Unzählige Jugendliche – Studenten und andere – sind sich bewusst, dass ihr Schicksal darin besteht, die Massen des Prekariats zu vergrößern, oder aber das Heer der Arbeitslosen. Die so genannte 700-Euro-Generation Griechenlands ist ein Beispiel dafür. Ihr Wille zum Widerstand ist groß. Einige fühlen sich erstmals wieder von den Befreiungsbewegungen angezogen. In dieser Atmosphäre sozialer Kämpfe könnten die Reihen des Anarchismus gestärkt werden.(1) Wie schon einmal, in den 1930er Jahren.
Auch wenn in der internationalen Politik Aberglaube gänzlich unangebracht ist, so waren die Neuner-Jahre doch immer besonders bewegt. Das zeigt schon der Blick auf die kommenden Jubiläen. Venezuelas bolivarische Revolution jährt sich zum zehnten Mal (Januar), der Fall der Berliner Mauer und der Zerfall der Sowjetunion ist zwei Jahrzehnte her (November), die „islamische Revolution“ in Iran liegt 30 Jahre zurück (Februar), die Libyens unter Oberst Muammar al-Gaddafi 40 Jahre (September), die kubanische Revolution jährt sich zum 50. Mal (Januar), Chinas Revolution zum 60. Mal. Die Niederlage der spanischen Republik ist 70 Jahre her (April), die Weltwirtschaftskrise von 1929 liegt 80 Jahre zurück.
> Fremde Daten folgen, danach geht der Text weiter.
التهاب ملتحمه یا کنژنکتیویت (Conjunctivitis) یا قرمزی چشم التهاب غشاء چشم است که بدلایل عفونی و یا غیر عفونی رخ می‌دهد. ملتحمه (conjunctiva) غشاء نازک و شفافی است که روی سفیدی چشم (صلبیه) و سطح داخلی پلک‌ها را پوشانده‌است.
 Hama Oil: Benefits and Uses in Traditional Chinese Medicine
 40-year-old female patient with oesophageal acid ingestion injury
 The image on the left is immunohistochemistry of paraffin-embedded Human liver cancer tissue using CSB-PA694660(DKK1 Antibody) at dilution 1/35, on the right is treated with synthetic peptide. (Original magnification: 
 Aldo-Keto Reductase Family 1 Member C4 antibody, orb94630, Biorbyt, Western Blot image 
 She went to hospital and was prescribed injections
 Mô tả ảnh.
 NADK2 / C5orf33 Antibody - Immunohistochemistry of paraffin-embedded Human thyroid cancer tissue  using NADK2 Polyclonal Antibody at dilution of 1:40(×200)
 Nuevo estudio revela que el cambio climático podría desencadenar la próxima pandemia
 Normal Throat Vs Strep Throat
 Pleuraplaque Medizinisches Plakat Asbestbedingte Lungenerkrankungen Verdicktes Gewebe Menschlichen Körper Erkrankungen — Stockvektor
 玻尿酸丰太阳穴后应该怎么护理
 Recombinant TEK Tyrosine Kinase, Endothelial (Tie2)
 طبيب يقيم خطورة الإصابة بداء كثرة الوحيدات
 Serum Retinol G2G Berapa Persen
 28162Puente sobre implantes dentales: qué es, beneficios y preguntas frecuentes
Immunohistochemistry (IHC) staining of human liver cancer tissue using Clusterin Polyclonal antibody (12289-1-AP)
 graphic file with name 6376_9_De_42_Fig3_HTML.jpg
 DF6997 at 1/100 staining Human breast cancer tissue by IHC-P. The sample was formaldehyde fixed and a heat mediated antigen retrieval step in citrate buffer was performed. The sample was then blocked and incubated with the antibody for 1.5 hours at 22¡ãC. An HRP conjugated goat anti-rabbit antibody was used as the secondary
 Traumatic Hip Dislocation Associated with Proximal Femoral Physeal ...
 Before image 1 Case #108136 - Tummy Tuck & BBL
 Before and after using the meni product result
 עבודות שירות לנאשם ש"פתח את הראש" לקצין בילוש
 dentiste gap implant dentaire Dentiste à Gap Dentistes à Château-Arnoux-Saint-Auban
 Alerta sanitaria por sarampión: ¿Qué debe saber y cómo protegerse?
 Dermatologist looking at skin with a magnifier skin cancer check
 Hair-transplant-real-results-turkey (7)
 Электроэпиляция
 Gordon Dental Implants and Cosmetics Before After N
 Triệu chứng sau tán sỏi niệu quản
Ohne Zweifel wird die wirtschaftliche Rezession auch für das kommende Jahr das wichtigste Charakteristikum sein. Denn die Auswirkungen des dreifachen Zusammenbruchs des Baugewerbes, der Banken und der Börsen werden die Realwirtschaft schwer beeinträchtigen.
Ist der neue Präsident der Vereinigten Staaten, Barack Obama, in diesem Kontext des sozialen Unmuts ein Hoffnungsgeber? Nur wenige hängen diesem Glauben an. Vor allem, weil seinem Schattenkabinett mehrere ultraliberale Personen angehören, von denen die aktuellen Probleme nicht gelöst werden können. Zu ihnen gehören Robert Rubin, Lawrence Summers oder Timothy Geithner.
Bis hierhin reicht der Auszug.